Deriva direttamente dal bennu egizio: la parola latina è phoenice‖, quella greca phoinix‖, termine che vuol dire rosso (collegato anche ai Fenici ed alla porpora, nonchè alla palma da dattero, ma anche a phònos = spargimento di sangue). Curiosamente, non si ha nessuna rappresentazione o effige greca della fenice, ma le descrizioni e le citazioni abbondarono, spesso creando leggende distorte sulla sua origine, vita e morte. Il primo a parlarne fu Esiodo, ma non mancarono i naturalisti come Plinio ed Eliano, ed ancora Ovidio, e molti altri. Esistono due tesi diverse. La prima sosteneva che essa avesse un padre. Secondo Erodoto, proveniva dall‘Arabia, ed ogni 500 anni giungeva ad Eliopoli per seppellirvi la salma del padre che portava in un uovo, accompagnata da un stormo di uccelli.

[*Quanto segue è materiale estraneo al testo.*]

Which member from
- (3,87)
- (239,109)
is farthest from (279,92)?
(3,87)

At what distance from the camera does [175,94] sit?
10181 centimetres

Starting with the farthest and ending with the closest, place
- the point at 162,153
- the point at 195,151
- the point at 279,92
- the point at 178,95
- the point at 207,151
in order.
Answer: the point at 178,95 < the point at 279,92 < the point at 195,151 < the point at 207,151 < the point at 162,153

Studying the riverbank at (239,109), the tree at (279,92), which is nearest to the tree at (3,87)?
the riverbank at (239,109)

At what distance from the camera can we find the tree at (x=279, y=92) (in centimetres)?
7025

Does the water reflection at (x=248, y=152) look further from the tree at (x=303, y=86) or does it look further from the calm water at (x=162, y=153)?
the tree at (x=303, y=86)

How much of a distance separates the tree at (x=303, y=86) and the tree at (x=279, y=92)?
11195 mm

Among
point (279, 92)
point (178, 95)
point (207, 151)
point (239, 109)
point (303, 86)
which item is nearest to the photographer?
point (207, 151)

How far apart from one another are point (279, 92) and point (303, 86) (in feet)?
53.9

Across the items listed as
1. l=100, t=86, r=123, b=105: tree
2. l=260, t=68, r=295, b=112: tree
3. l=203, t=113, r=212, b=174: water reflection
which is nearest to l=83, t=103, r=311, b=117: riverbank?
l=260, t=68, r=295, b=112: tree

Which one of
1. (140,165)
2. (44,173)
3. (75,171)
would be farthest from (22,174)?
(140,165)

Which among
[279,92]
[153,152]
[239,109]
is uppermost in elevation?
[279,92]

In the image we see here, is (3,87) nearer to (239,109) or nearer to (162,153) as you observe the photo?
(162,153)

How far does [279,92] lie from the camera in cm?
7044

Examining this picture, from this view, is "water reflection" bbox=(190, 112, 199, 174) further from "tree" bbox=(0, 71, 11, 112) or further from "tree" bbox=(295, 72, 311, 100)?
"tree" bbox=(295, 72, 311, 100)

Secondo Tacito, il volatile si fabbricava un nido in Arabia, da cui usciva la nuova fenice, che poi bruciava il padre.
La versione più conosciuta resta quella della fenice che non ha alcun padre e che, sentendo arrivare il momento della trasformazione, inizia a raccogliere erbe e rametti profumati (di natura ignea, quali mirra ed incenso) per costruirsi un pira funeraria, bruciata dal sole. Dalla cenere nasceva un piccolo verme che poi diveniva fenice. Queste due tradizioni spesso si intrecciarono, ma la caratteristica comune della fenice resta quella di essere un uccello solare.
Un dato interessante è la diversità del periodo della sua vita: 500 e 540 anni, 1000 anni e, nel caso di Tacito, 1461 anni, che corrispondono al periodo sothiaco: indicano il momento in cui il sole sorge insieme a Sirio. Da qui l‘identificazione della vita della Fenice con il Grande Anno, quando stelle, pianeti, luna e sole ritornano al punto di partenza.
In ogni caso, rappresenta il periodico rinnovamento dell‘universo che segue la sua distruzione alla fine di ogni ciclo e dà inizio ad una nuova età dell‘oro.